Monday, January 29, 2018 / by Sean Zanganeh
Cavaillon of Santaluz is coming back!
The Cavaillon restaurant is coming back and will be under new management. San Diego chef Michael von Euw (picrured right) has bought the restaurant in hopes of reviving. Why was it sold in the first place? Original head chef Philippe Verpiand said he had had enough. Verpiand claims that his restaurant was under dined and under appreciated even though people raved about his cooking and blamed it on San Diego. But as we know its all about location, location, location. If you ask any San Diegan where a good place to get excellent food is they will immediately point you to south San Diego.
Northern San Diego is suburbia. Sprawled out neighborhoods with mostly strip malls whose inhabitants are focused more on their day to day lives, being successful in their career, and taking care of their families, and with all the amenities they need at home it takes extra motivation to get them out and into the "finer foods" of San Diego. Nobody says, "lets go to northern San Diego for a night out on the town, northern San Diego is a BLAST!"
If the original head chef, Philippe Verpiand, didn't think that his restaurant was a success then why is chef Michael von Euw taking the risk and continuing on with Cavaillon's lagacy in an area thats almost too far for anyone to consider driving to for a night out? First Euw says that all the gourmet ground work as been taken care of by Verpiand, the only thing he has to do is reinvent dishes to the likeness of his own cooking.
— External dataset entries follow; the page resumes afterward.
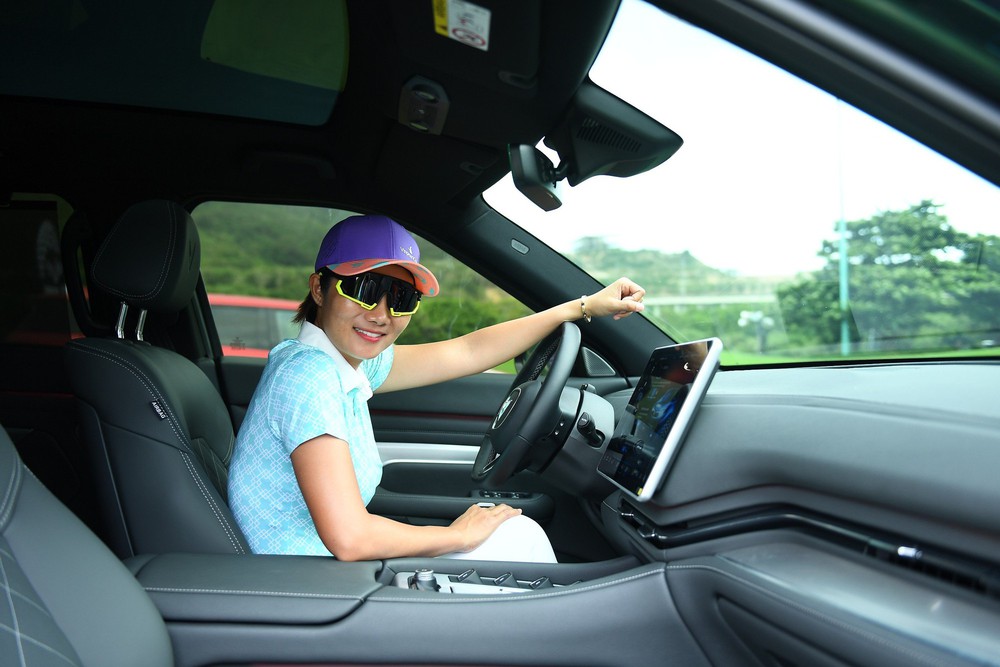 Nguyễn Gia Bảo, nữ tay đua yêu tốc độ, mê golf và thích khẳng định vị thế dẫn đầu - Ảnh 6.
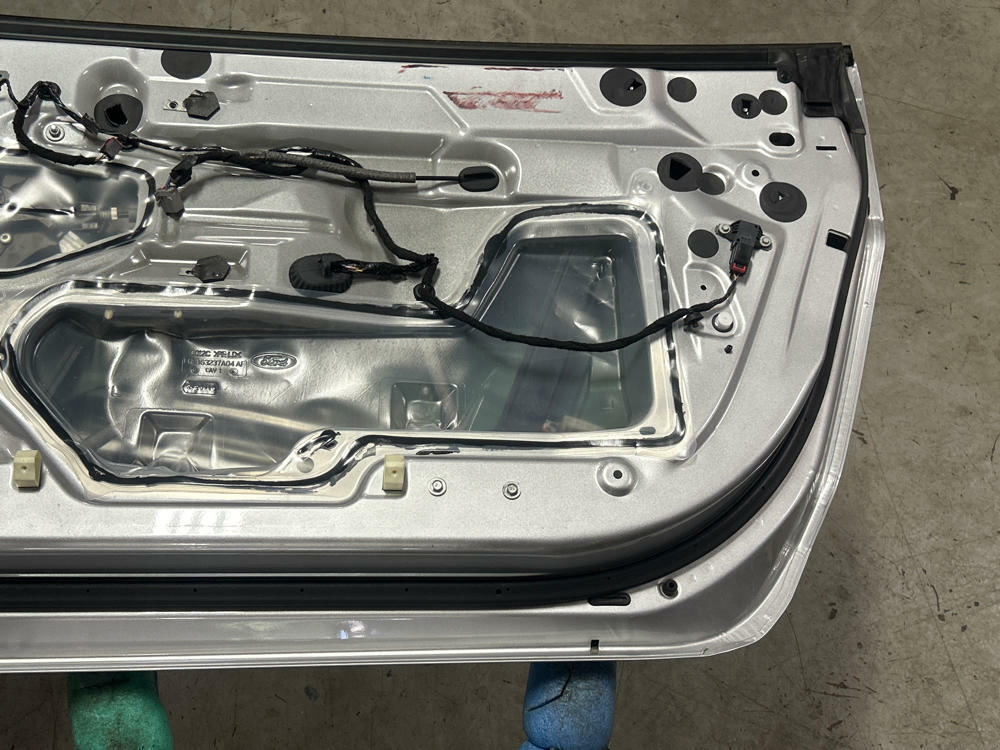 2015-23 Ford Mustang VERT Passenger RH Door Paint Code UX 312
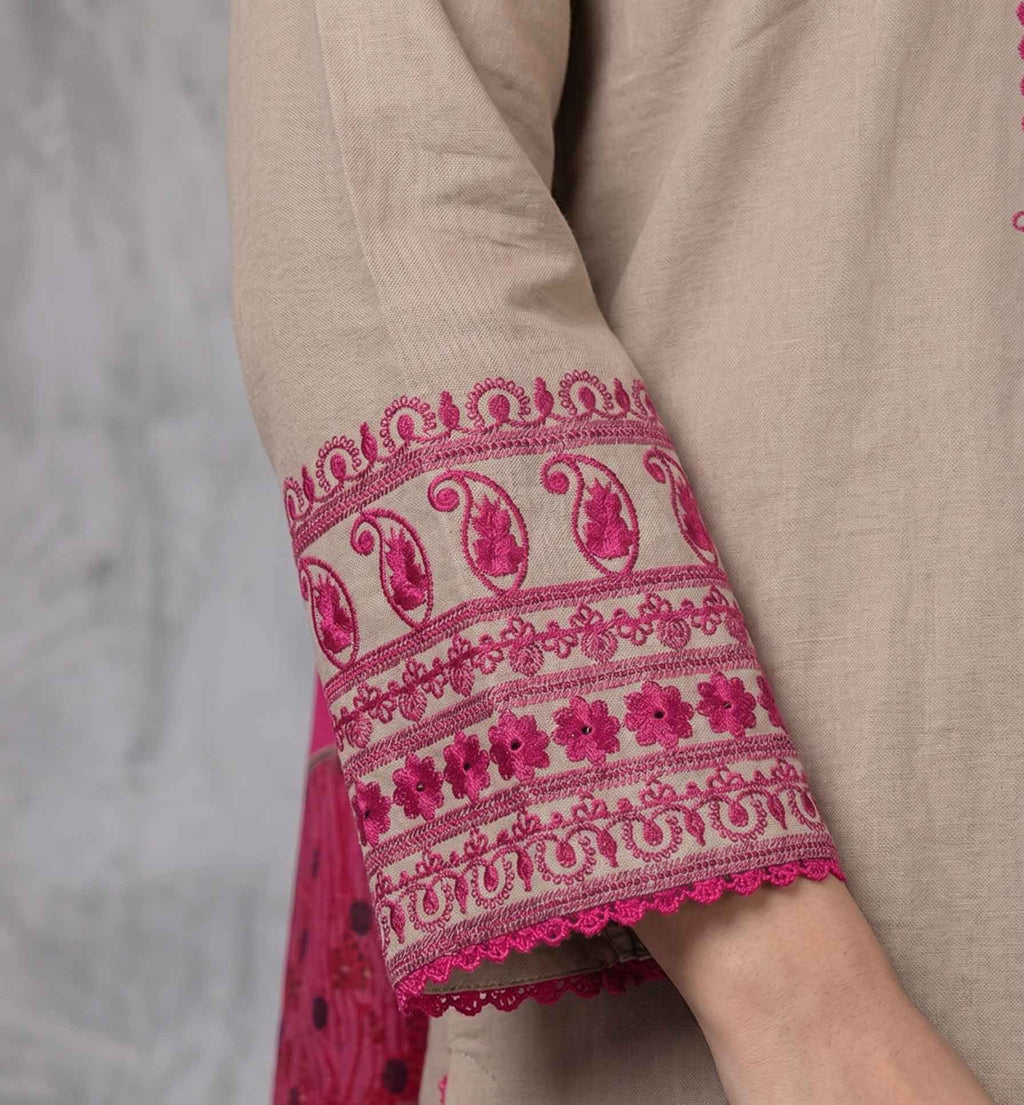Winter Stitched 3PC Dhanak Embroidered Suit - TW 13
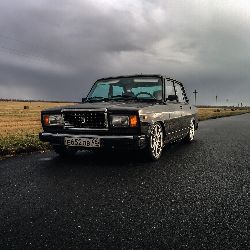 LADA SEMЁRA
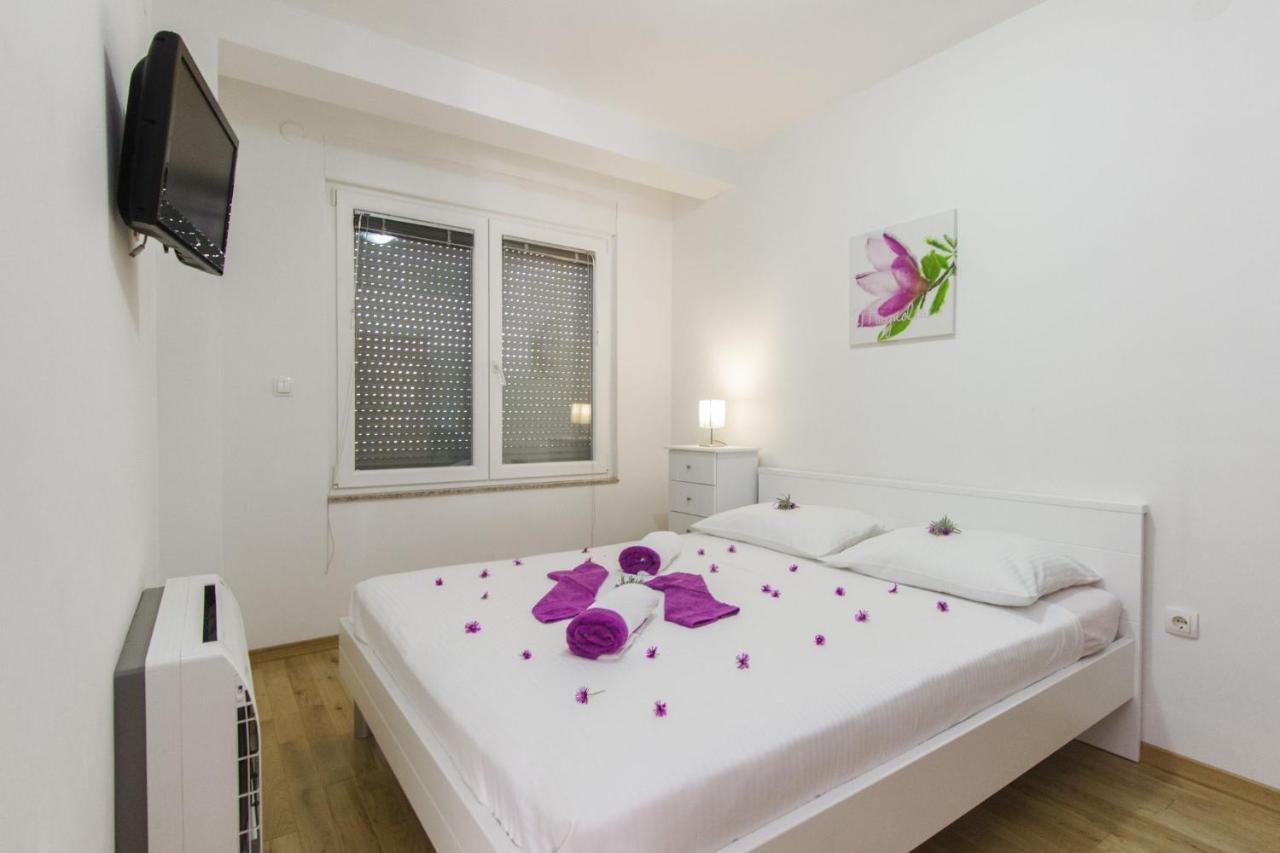 Lenija Apartment *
Second, Santaluz is filled with a different type of suburbia dweller. The residents of Santaluz are successful, well-traveled people who appreciate finer dining and what better than to bring a fine restaurant closer than Del Mar to them.
Von Euw trained at London's Le Cordon Bleu and has many other great accomplishments under his belt. Food critics across the board believe that Cavaillon will be revived and will become the new hot spot of northern San Diego.